Let’s Talk Processors

Since August, Intel has been talking about the design of its 12th Generation Core processor family, also known as Alder Lake. We’ve already detailed over 16000 words on the topic, covering the fundamentals of each new core, how Intel has worked with Microsoft to improve Windows performance with the new design, as features like DDR5, chipsets, and overclocking. We’ll briefly cover the highlights here, but these two articles are worth the read for those that want to know.

At the heart of Intel’s processors is a hybrid, or heterogeneous, core design. The desktop processor silicon will have eight performance cores (P-cores) and eight efficiency cores (E-cores), the latter in two groups of four. Each of the cores is designed differently to optimize for their targets, but supports the same software. The goal is that software that is not urgent runs on efficiency cores, but time-sensitive software runs on performance cores, and that has required a new management control between the processor and Windows has been developed to enable Alder Lake to work at its best. That control is fully enabled in Windows 11, and Windows 10 can get most of the way there but doesn’t have all the bells and whistles for finer details – Linux support is in development.

The use of this hybrid design makes some traditional performance measurements difficult to compare. Intel states that individually the performance cores are +19% over 11th Generation, and the efficiency cores are around 10th Generation performance levels at much lower power. At peak performance Intel has showcased in slides that four E-cores will outperform two 6th Generation cores in both performance and power, with the E-core being optimized also for performance per physical unit of silicon. Alternatively, Intel can use all P-cores and all E-cores on a singular task, up to 241W for the Core i9 processor.

On top of all this, Intel is bringing new technology into the mix with 12th Gen Core. These processors will have PCIe 5.0 support, but also DDR5-4800 and DDR4-3200 support on the memory. This means that Alder Lake motherboards, using the new LGA1700 socket and Z690 chipsets, will be either DDR4 or DDR5 compatible. No motherboard will have slots for both (they’re not interchangeable), but as we are quite early in the DDR5 lifecycle, getting a DDR4 motherboard might be the only way for users to get hold of an Alder Lake system using their current memory.

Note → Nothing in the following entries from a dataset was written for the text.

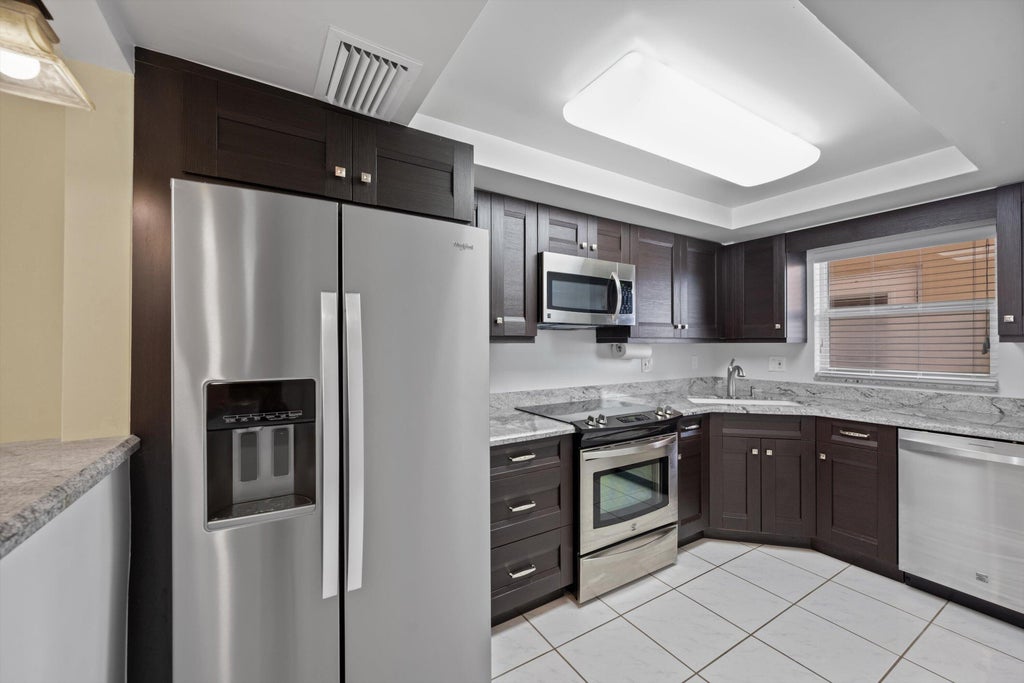 Photo of 725 N RIVERSIDE Drive #203, Pompano Beach, FL 33062 (MLS # B26067659)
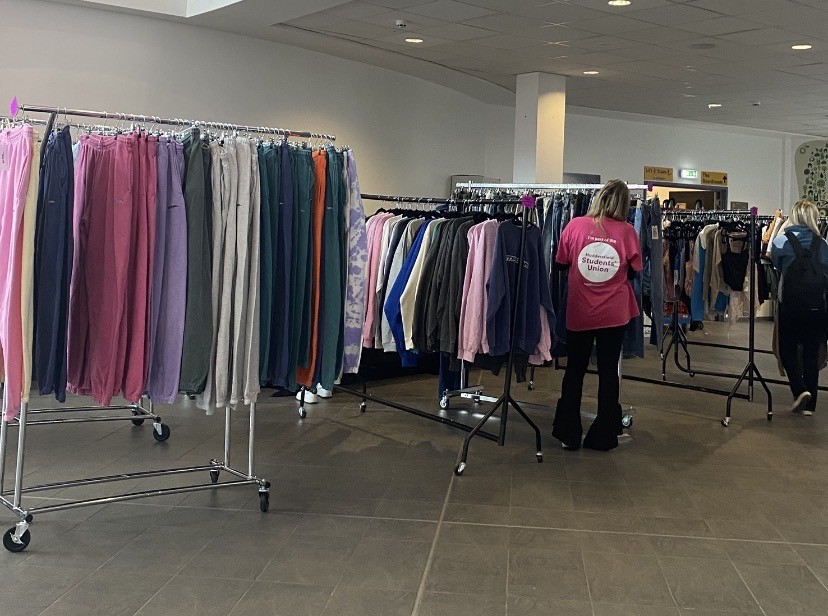 Several rails packed with clothing as part of a pop up university fashion stall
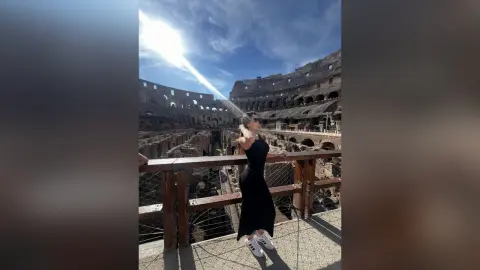Stylish woman in a black dress standing by the Colosseum ruins under a bright sunny sky in Rome.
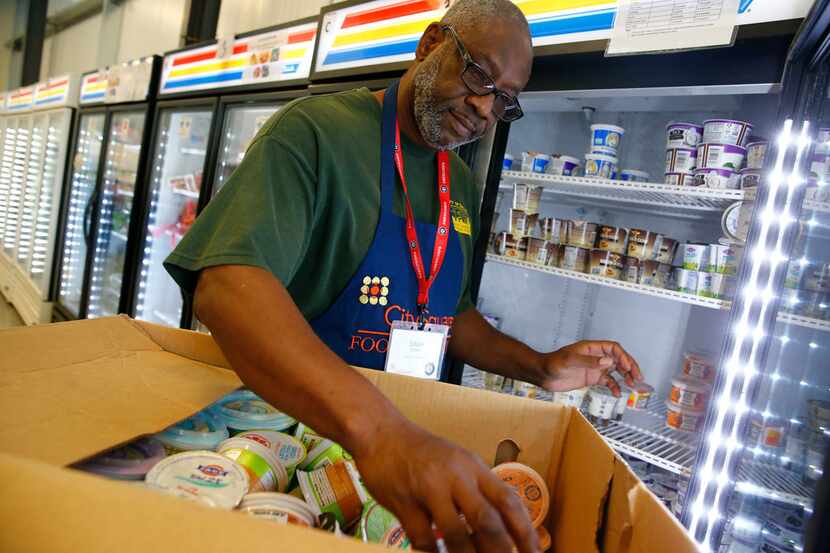 Volunteer Louis Lewis organizes yogurt at CitySquare Opportunity Center food pantry in...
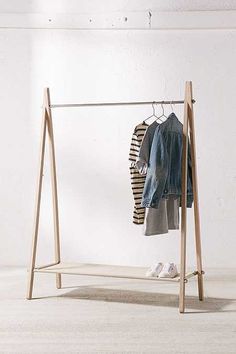 a clothes rack with two shirts hanging on hangers and shoes in the foreground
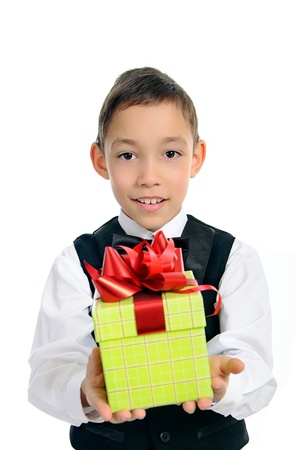 smiling boy in black suit holding green gift box with red bow isolated on white background の写真素材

We test both DDR4 and DDR5 later on in the review to see if there is a performance difference.

A small word on power (see this article for more info) – rather than giving a simple ‘TDP’ value as in previous generations, which only specified the power at a base frequency, Intel is expanding to providing both a Base power and a Turbo power this time around. On top of that, Intel is also making these processors have ‘infinite Turbo time’, meaning that with the right cooling, users should expect these processors to run up to the Turbo power indefinitely during heavy workloads. Intel giving both numbers is a welcome change, although some users have criticized the decreasing turbo power for Core i7 and Core i5.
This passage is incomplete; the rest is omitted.